▼▼▼
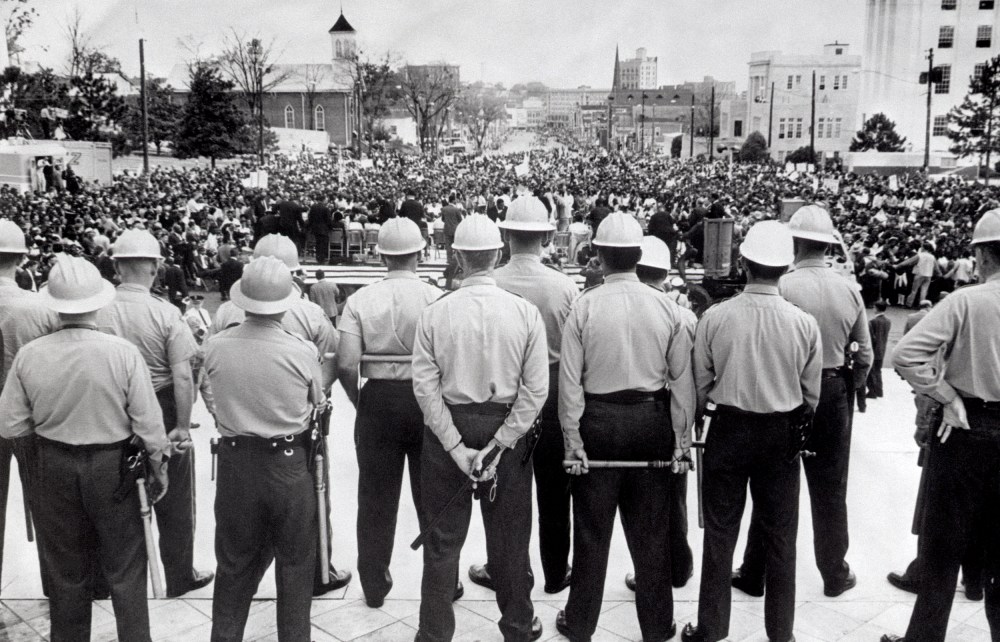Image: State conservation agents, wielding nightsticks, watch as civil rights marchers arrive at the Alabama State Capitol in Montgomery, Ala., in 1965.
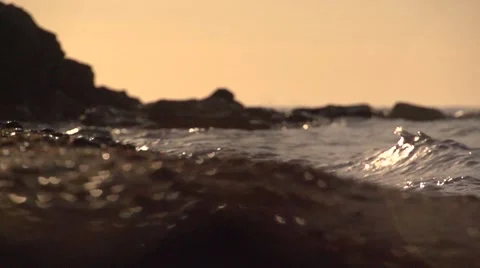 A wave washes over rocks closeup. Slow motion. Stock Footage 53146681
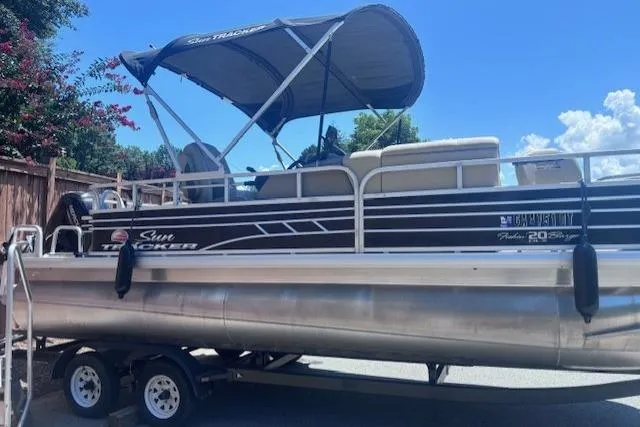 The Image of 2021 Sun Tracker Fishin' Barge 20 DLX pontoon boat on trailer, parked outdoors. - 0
▲▲▲
▼▼▼
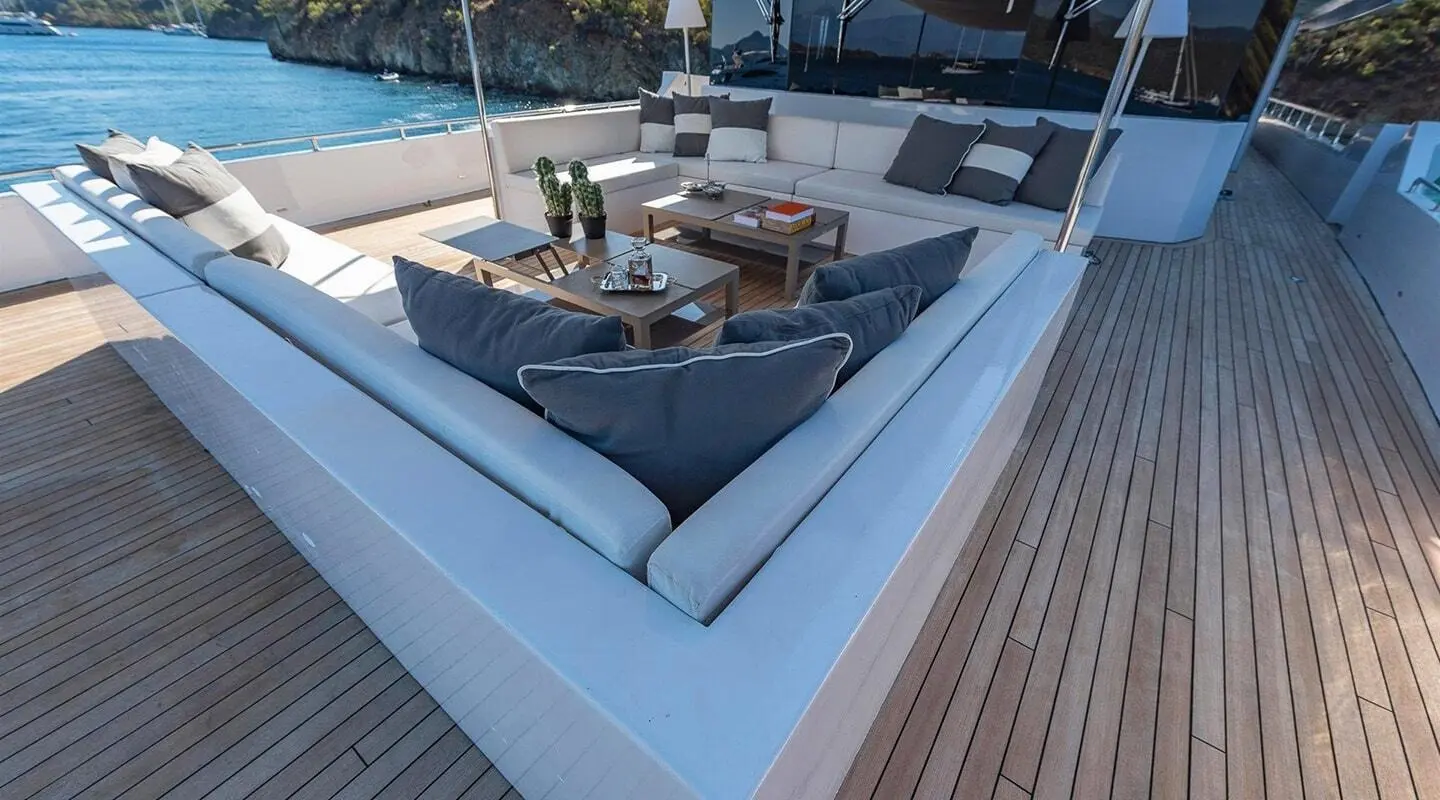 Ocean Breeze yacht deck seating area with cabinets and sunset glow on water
▲▲▲
▼▼▼
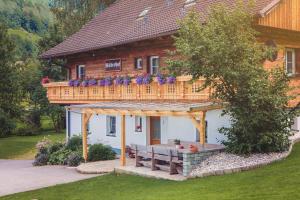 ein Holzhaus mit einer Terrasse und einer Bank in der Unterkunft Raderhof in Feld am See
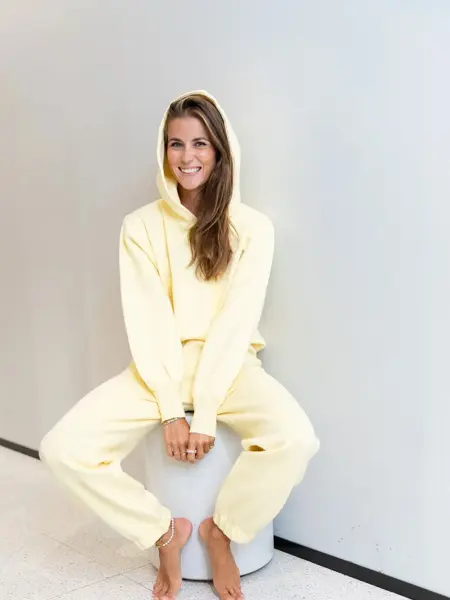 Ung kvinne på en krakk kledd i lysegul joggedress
▲▲▲
▶ **What you should do**
In the listing above, find the line containing "Image: State conservation" and the line containing "The Image of", then print exactly those two lines and every line between them, minus the pictures.

▶ **Task solution**
Image: State conservation agents, wielding nightsticks, watch as civil rights marchers arrive at the Alabama State Capitol in Montgomery, Ala., in 1965.
 A wave washes over rocks closeup. Slow motion. Stock Footage 53146681
 The Image of 2021 Sun Tracker Fishin' Barge 20 DLX pontoon boat on trailer, parked outdoors. - 0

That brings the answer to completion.